In January 2008, the government froze most energy prices to fight a previous bout of inflation. Since then, China's five major power companies have complained that they lost over 60 billion yuan ($9.2 billion) on generation due to fluctuating coal costs.

In November 2009, the NDRC raised rates by about 3 percent but exempted household consumers. Other increases have provided partial relief to producers through "on-grid" price hikes that have not been passed on to end users.

But without further rate hikes, power consumption could grow faster this year. Governments in eastern Jiangsu and Zhejiang have already ordered power rationing to big energy consumers in March, months before the usual summer squeeze, Xinhua reported on April 22.

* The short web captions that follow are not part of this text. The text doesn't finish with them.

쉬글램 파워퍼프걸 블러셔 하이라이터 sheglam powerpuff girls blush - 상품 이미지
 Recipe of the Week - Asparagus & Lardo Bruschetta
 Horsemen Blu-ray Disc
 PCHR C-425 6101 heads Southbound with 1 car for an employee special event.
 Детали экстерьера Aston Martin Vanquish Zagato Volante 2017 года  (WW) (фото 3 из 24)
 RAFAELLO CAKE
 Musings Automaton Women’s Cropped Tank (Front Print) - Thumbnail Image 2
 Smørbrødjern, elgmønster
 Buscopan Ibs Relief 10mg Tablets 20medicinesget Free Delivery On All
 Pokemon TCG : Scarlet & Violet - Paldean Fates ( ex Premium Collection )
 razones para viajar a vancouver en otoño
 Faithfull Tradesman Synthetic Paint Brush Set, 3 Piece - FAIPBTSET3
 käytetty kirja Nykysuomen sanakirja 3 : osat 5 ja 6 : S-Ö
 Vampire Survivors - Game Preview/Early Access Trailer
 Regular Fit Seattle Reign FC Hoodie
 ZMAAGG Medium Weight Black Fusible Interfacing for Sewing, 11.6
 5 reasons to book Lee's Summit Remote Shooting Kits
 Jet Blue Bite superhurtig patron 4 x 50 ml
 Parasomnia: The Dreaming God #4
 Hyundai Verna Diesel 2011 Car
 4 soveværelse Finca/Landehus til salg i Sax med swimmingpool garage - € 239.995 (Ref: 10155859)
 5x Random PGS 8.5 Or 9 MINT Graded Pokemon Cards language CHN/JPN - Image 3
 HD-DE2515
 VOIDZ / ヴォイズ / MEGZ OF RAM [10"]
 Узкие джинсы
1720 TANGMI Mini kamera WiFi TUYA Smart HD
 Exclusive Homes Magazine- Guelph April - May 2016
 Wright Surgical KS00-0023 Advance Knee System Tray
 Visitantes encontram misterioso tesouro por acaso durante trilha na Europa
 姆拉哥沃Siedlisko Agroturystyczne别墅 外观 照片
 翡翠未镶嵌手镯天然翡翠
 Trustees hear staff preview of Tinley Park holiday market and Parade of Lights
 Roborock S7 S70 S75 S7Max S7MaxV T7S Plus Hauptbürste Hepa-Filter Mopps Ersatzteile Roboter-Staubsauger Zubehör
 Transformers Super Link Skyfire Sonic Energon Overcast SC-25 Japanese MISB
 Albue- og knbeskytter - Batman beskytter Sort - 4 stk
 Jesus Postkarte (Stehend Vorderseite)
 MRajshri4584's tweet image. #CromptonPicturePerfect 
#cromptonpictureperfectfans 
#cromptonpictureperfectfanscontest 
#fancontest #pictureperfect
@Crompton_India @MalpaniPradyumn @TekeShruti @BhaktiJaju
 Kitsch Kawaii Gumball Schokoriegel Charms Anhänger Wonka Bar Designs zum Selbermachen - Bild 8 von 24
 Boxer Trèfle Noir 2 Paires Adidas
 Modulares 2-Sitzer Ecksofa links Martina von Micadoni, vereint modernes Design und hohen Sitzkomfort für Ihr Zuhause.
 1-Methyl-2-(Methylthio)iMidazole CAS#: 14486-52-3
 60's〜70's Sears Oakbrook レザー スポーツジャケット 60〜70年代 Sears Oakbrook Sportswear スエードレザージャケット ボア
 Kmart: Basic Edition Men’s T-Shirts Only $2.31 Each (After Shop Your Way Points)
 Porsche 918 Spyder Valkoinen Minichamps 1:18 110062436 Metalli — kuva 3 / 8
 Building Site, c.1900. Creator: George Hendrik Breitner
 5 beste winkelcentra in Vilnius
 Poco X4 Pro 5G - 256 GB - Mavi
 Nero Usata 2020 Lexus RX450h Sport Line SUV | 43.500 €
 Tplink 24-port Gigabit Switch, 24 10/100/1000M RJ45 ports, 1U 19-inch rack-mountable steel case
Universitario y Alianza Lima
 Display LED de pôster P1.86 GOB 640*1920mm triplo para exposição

Zhejiang has been buying up electricity from neighboring provinces and forcing 500,000 enterprises to operate on a rotating schedule of supplies. Other provinces facing shortages include Guangdong, Jiangxi, Jiangsu and Hunan, the official English-language China Daily reported.

Power to small businesses in Zhejiang has been shut off every other day, the paper's website said.

In cases where the NDRC has raised energy prices on consumers, it has run the risk of unrest.

Shanghai strike

Starting on April 19, some 2,000 truckers at Shanghai's port facilities staged a three-day strike to protest higher fuel costs, tolls and fees, The New York Times reported, citing China's Economic Observer. Some workers smashed windows and scuffled with police, the papers said.

The stoppage was initially unreported by state media, but Xinhua later noted a decision to reduce the fees.

The NDRC last raised retail fuel prices by 5.8 percent on April 7, marking the second such increase since February. But the government's formula for allowing price hikes lags far behind the runup in international crude oil prices, causing losses to refiners and periodic shortages.

The government faces a "tough choice" in considering whether to raise fuel prices further because of effects on inflation and the economy, said Carmen Reinhart, senior fellow at the Peterson Institute for International Economics in Washington.

"If we continue to see the behavior in oil markets that we've been seeing and the more persistent that becomes, the greater the odds that they will have to do some readjustment, even if partial," Reinhart said.

But higher electricity rates could ripple further through the population and the economy than fuel costs, which mainly affect car owners and commercial transport.

"Electricity hits everybody," said Andrews-Speed.

Analysts are concerned the conditions may set the stage for diesel shortages as industries switch to generators for electricity supplies. Similar power cuts led to a run on diesel fuel last year.